§ **What you need to do**: Pictures are to be left out, and only the lines from the one containing "BOBBY FULLER FOUR" through the last line of the data are to be returned exactly.

^^^^^^^^

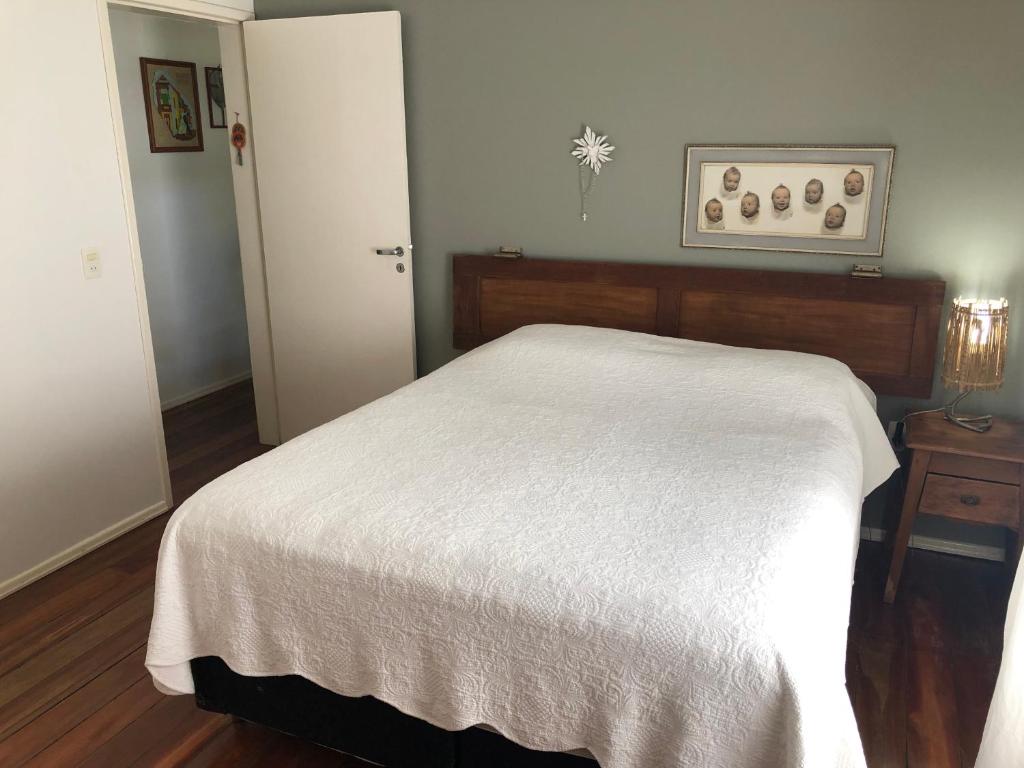 Casa de Praia Florianópolis
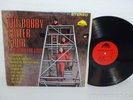 BOBBY FULLER FOUR I Fought The Law LP Mustang MS-901 Stereo 1966 ORIGINAL Garage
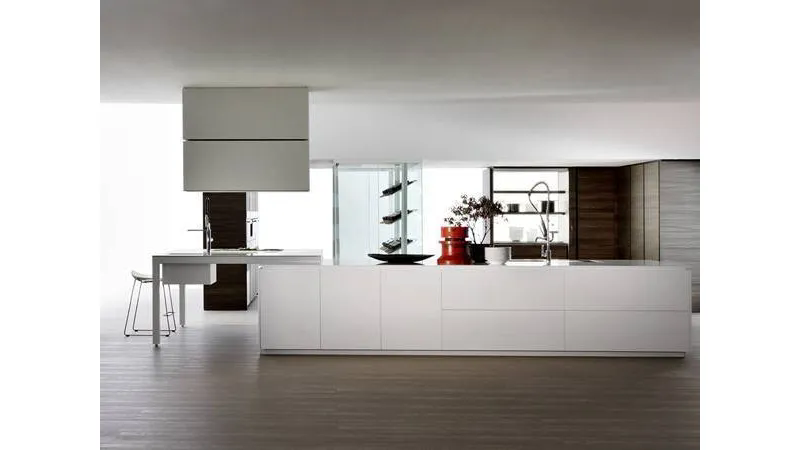 Dada cucine opinioni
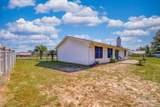 2131 Dog Track Rd - Photo 8
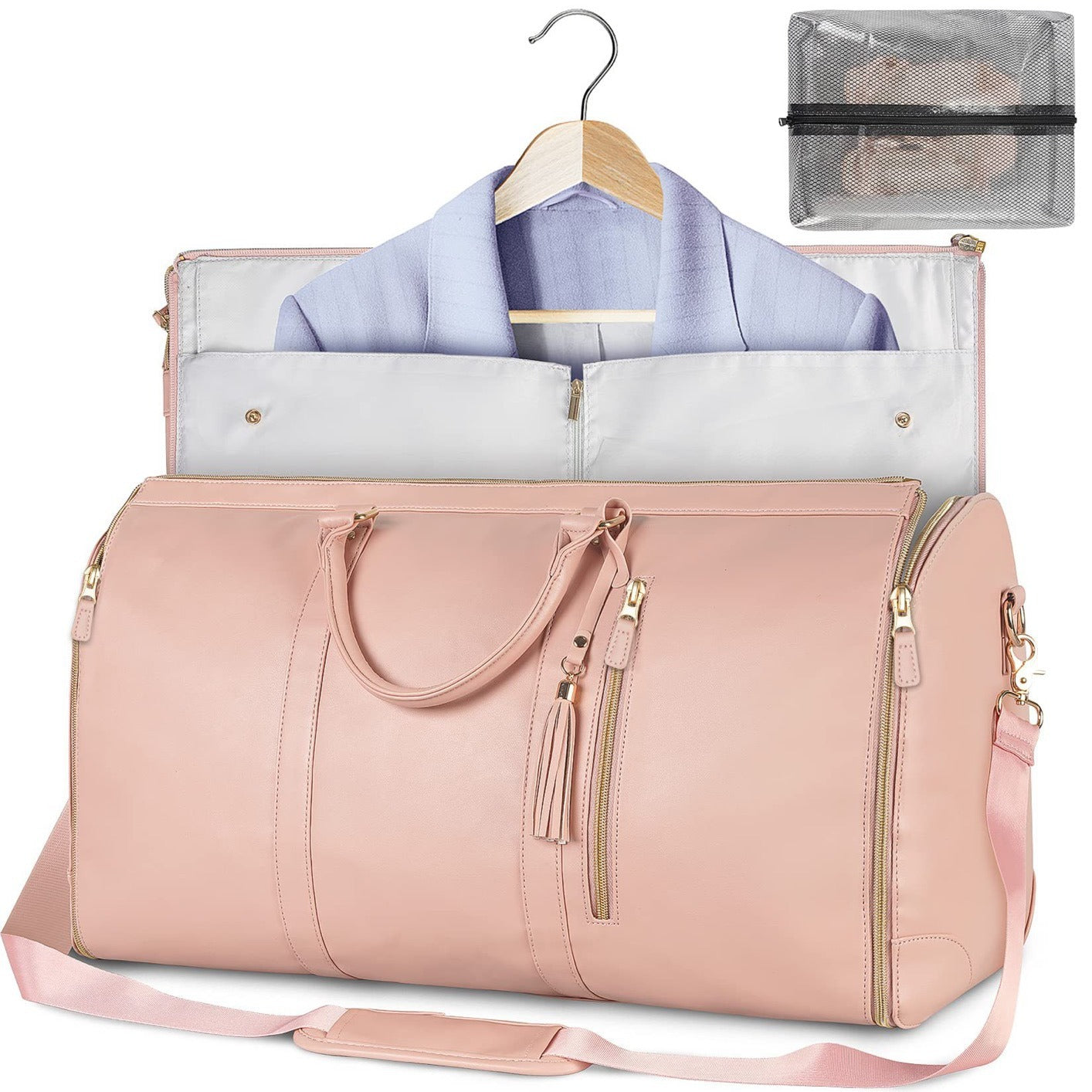 Reisetasche eprolo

^^^^^^^^

§ **Answer to this task**:
 BOBBY FULLER FOUR I Fought The Law LP Mustang MS-901 Stereo 1966 ORIGINAL Garage
 Dada cucine opinioni
 2131 Dog Track Rd - Photo 8
 Reisetasche eprolo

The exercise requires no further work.